There are many reasons your disk might be full, here are some of the common ones to look for:
- The
archive_command
is failing and WAL is filling up the disk space. - There are replication slots for a disconnected standby which results in WAL filling up the disk.
- Large database changes generate so much WAL that it consumes all of the available disk space.
- You literally just ran out of disk space storing data and your normal monitors and alerts didn’t let you know.
The situation that is most detrimental to the database system as a whole is a full WAL directory. This results in the application being unable to make any more changes to the database system because it can’t record the WAL changes. Then Postgres has no choice but to issue a PANIC and shut down.
As you can see, many of these cases relate to WAL filling the disk. Having the database shut down will land you in a precarious situation, so that’s where we’ll dig in with this tutorial.
What not to do
Never remove WAL
A common knee jerk reaction to seeing WAL filling up your disk space is to delete these log files. This is a very common approach by system administrators - big log files fill up the disk, get rid of them, right? But, the WAL are not just normal system logs. They’re integral to getting your Postgres up and running, removing WAL will corrupt your database.
Remember, Postgres itself will remove the extra WAL files as soon as it is operating correctly and it has verified that it will not need those files any more (i.e., it confirms it has archived the files successfully).
If you remove WAL files, you are guaranteed that your database will be in an inconsistent state and it will be corrupted. Never remove wal files!

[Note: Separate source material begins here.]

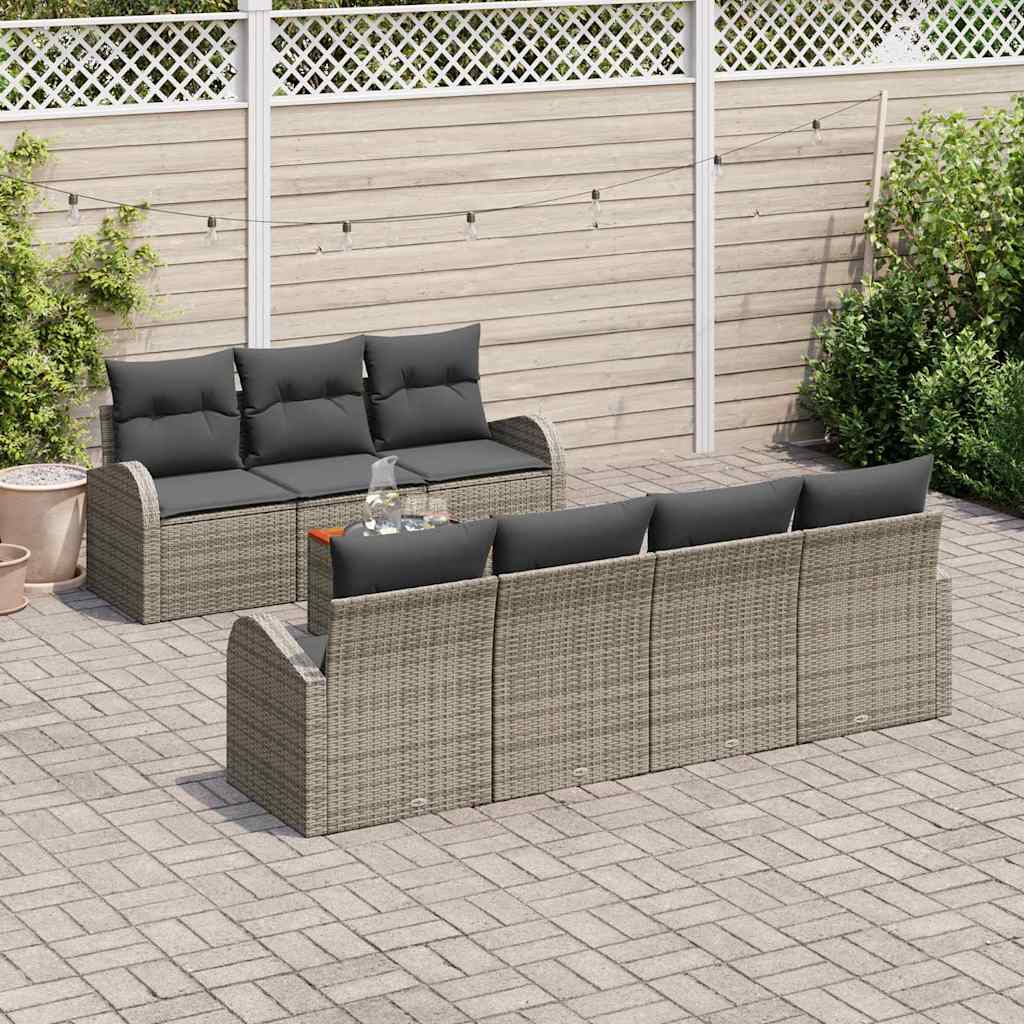 Conjunto de sofás de jardín 8 pcs Gris ratán sintético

Don’t immediately overwrite the existing data directory with a restore from a backup
In the best case when you restore from a backup, you have determined that you are okay with data loss, as you are effectively choosing to forgo any database changes since the last backup. Restoring from a backup is a disaster recovery approach that is generally meant to be helpful in a situation where the entire system is inoperable or the data files have been corrupted; i.e., true disasters.

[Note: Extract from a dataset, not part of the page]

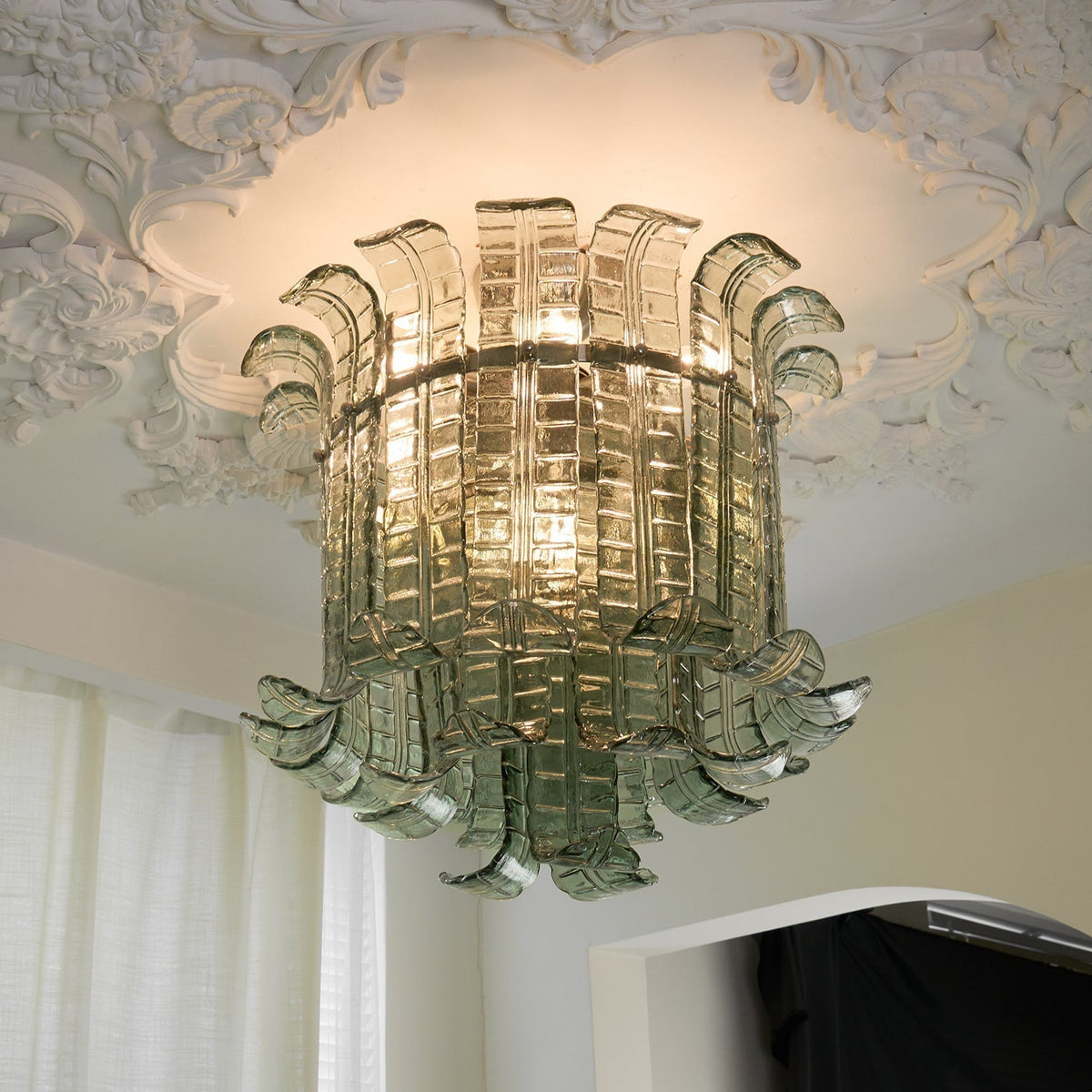 Aurora Lampe de Plafond en Verre Murano Pétale Vintage - Neutralighting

In particular, if you have an archive_command that was failing, this means you are giving up all transactions that occurred in the database since the last successful backup. And this is key: if the archive_command
is failing, and that is what you are using for your base backups as well, there is no guarantee of the age of the last backup. (You are monitoring your backups and archive_commands
, right?)
Backup restoration can be done if needed, but this should not be where you first go when you discover an issue.
Don’t just resize in place
As production is down, you’ll obviously be keen to get this fixed ASAP. While your knee-jerk reaction to running out of disk will be to add more storage, it can often be better to provision a new larger instance and work on restoration there, rather than trying to resize in place. First and most importantly, we want to keep the broken instance in place so we can refer to it later; at this point it may be unclear as to what the true cause of the issue is. Preserving any production instance that has stopped working is the best way to perform post-mortem analysis and have confidence in the integrity of any newly working system.

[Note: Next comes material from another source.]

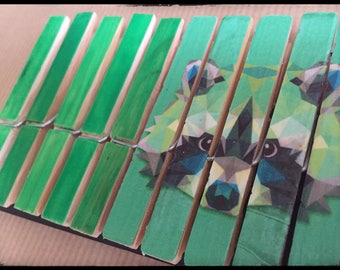 Set of 10 clothespins fantasy, standard size (raccoon REF.)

Note: This is a softer “don’t” than the others; if this is your only option for getting the database up and running, this approach should work fine.
What you should do
Take a filesystem-level backup right now
Ensure that Postgres is stopped and take a backup of the PostgreSQL data directory (including the pg_wal
directory and any non-default tablespaces) before you do anything so you can get back to this state if you need to. There are a dozen different things that can go wrong in fixing Postgres and your WAL archive, so being able to preserve as much of the original evidence/state will both protect you in the rebuild process, as well as provide valuable forensic data for determining root causes.
Any method of handling this is possible; you can use an offline backup, filesystem-level snapshots, rsync to a remote server, tarball, etc.
Create a new instance (or at least a new volume) with sufficient space
We recommend doing restores to a new instance whenever possible. If you are able to use the backup you just created, you can test starting this up after making sure that all of the configuration, paths, etc are correct on the new instance. If you are installing on a new instance, also make sure that you are using the same Postgres version (including other packages and extensions), and that the locale has the same setting.
Now that you’ve eliminated the space issues, you should be able to resume database operations.
Fix the underlying issues
Now that the database is back up and running, review the logs for why this failed, and fix the underlying issues. Now add/adjust your monitoring so you will be able to detect and prevent this issue in the future. For instance, if this was caused by a failing archive_command
, you can utilize some log analysis tools to notify you if such a thing starts happening again.
To summarize here, if there’s one thing you take away, do not delete your WAL. If your disk is filling up, Postgres has tools to help you recover quickly and efficiently.